* [Given entries]:
________________________

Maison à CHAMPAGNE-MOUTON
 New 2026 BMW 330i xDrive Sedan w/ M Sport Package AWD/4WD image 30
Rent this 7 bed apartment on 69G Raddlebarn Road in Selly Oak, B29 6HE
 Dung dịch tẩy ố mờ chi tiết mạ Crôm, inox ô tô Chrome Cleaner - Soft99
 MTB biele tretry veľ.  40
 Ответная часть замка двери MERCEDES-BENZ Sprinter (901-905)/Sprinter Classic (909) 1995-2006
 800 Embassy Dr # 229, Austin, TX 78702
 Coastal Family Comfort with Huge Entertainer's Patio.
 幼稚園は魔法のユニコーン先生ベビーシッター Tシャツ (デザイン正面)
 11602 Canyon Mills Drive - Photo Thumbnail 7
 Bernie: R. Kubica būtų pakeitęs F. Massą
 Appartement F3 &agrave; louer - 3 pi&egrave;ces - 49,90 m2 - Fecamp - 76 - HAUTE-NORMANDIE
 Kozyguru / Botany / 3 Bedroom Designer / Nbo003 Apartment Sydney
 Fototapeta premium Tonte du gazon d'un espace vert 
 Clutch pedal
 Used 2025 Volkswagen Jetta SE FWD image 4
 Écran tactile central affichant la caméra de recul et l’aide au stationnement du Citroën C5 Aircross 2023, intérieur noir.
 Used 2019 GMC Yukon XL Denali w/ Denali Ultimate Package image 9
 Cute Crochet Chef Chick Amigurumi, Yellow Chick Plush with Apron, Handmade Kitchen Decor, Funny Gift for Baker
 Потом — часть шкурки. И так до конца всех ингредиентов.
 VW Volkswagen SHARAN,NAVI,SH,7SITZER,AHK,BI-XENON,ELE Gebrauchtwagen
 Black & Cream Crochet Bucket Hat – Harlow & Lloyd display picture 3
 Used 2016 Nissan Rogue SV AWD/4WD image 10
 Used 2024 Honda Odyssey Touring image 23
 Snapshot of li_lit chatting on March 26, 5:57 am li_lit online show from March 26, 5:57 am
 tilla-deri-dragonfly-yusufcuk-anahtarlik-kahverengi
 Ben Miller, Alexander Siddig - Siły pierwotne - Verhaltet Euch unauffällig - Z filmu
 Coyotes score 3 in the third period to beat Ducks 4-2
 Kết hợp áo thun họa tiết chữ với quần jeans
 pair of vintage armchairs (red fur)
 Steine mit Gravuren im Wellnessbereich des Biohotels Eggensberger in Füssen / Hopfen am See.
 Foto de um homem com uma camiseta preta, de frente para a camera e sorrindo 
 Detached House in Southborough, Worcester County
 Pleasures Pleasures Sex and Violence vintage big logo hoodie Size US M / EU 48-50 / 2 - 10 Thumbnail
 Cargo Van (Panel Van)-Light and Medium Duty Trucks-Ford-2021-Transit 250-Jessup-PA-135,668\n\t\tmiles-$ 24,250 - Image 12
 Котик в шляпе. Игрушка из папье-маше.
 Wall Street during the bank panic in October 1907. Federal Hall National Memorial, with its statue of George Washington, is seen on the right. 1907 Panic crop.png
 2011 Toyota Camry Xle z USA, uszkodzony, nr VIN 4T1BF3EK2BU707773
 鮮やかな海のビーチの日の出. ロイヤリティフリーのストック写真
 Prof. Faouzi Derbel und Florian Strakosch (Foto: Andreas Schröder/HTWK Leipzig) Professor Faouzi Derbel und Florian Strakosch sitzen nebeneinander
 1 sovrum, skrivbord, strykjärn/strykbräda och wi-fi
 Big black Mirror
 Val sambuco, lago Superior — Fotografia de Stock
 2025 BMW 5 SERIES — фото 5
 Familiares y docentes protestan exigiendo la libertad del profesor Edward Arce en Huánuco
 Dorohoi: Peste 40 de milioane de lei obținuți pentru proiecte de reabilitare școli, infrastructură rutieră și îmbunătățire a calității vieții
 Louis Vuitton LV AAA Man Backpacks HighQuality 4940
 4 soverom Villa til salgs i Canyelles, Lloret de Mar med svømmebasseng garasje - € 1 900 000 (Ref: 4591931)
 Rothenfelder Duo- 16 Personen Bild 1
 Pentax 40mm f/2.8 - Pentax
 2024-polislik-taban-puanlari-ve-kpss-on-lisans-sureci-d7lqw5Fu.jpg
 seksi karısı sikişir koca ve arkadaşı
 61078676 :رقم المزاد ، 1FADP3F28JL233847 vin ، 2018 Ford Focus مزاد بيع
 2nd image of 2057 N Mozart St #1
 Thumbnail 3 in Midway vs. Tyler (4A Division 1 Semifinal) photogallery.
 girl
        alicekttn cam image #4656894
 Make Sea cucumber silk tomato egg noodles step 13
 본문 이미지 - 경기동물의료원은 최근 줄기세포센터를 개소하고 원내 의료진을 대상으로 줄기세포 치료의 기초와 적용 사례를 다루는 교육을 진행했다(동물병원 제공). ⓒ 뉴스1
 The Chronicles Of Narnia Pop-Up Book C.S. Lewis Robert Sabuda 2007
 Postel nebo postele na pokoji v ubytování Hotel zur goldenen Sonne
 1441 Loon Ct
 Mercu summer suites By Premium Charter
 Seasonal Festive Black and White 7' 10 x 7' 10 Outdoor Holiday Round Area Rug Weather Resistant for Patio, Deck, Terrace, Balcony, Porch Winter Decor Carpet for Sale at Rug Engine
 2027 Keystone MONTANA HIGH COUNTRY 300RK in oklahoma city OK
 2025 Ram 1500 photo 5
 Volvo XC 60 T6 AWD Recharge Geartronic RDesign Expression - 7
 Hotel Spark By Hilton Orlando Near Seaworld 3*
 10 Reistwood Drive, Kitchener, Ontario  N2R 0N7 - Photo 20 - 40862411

________________________

* [Work required]: For the records above, give the number of lines containing the string "with" and no other words.

* [Response]: 3